Some guestbook entries may be brought out to be entries on the site.
If you have photos to share of good times with Susan, doggie pictures, Xena pictures, or your own artwork or flowers to leave behind, please email them to me and I will be happy to post them.
Check back often, and when you leave your thoughts, be sure to put the different nicknames friends knew you by in different online groups, so that we can reconnect with each other and talk as well.

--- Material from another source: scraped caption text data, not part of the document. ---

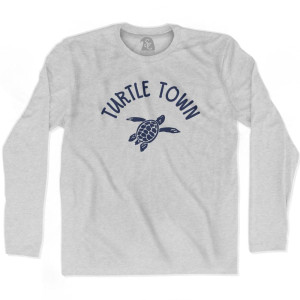 Turtle Town Beach Sea Turtle Adult Cotton Long Sleeve T-Shirt - Grey Heather Turtle Town Beach Sea Turtle Adult Cotton Long Sleeve T-Shirt - Grey Heather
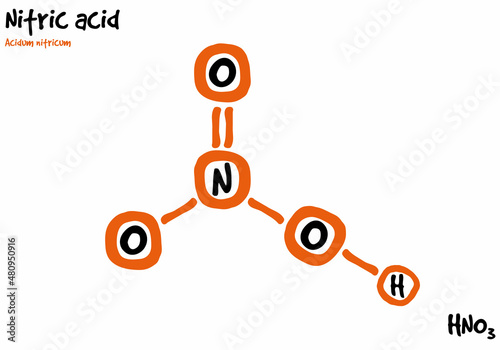 Large and detailed isolated drawn molecule and formular of nitric acid.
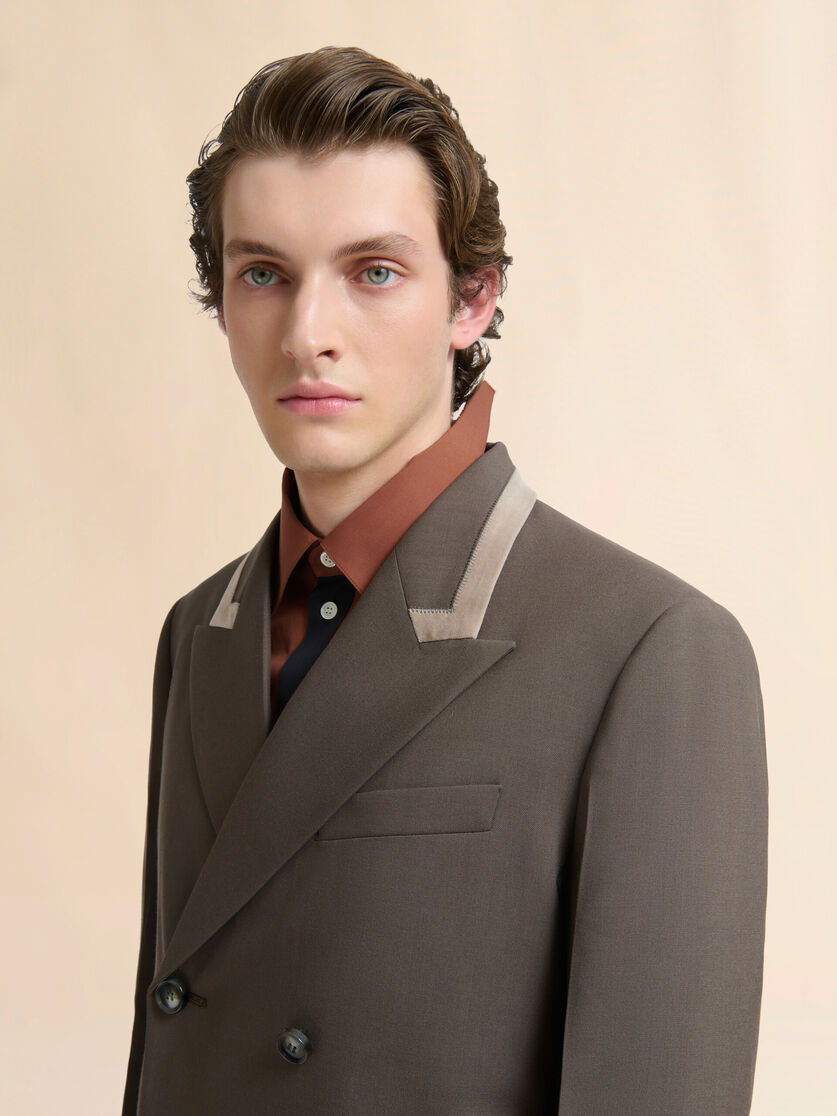 Grey double-breasted wool blazer with Marni Mending - Jackets - Image 4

These are my mom's Alaskan roses, which I leave here beneath the Northern Lights to start the memorial. And some Xena music.
Chris aka "Nomad"
I just came across this Judy Grahn funeral poem again, and thought of Susan. Linde Knighton (Simahoyo) and I ate a lovely dinner with her in February 2006 when she was passing through Seattle. I was hoping that might be just the first such dinner, and am sad that this is not to be.
Just one verse--
http://www.aidsinfonyc.org/pwac/9511/plain.html
i will take your part now, to do your daring
lots belong to those who do the sharing.
i will be your fight now, to do your winning
as the bind between women is beginning
in the middle at the end
my first beloved, present friend
if i could die like the next rain
i'd call you by your mountain name
and rain on you
Posted by: Martha Koester | February 07, 2007 at 06:54 AM
I know I'm late here but I just found out about Susan's death this past weekend. I am stunned.
I first met Susan when we both lived in San Jose, California in the early 80's. Our lives continued to intersect over the next ten years as we visited in Los Angeles when she was going to school at UCLA and then in Alaska in 1991, when she invited me to come visit and go camping with her. That trip did not go too well and we had not spoken since, yet she continues to be a part of my herstory. We both grew (up) and changed as our lives evolved and it is interesting to see the impact she had on others through the comments here. I am sorry that she felt so trapped that she thought she could not ask for help somehow. I am saddened to know that her pain persisted, despite her achievements and fulfilling her dreams, and know that we are all better for having known her. We are all connected by her spirit. Peace, Sister -- no more pain.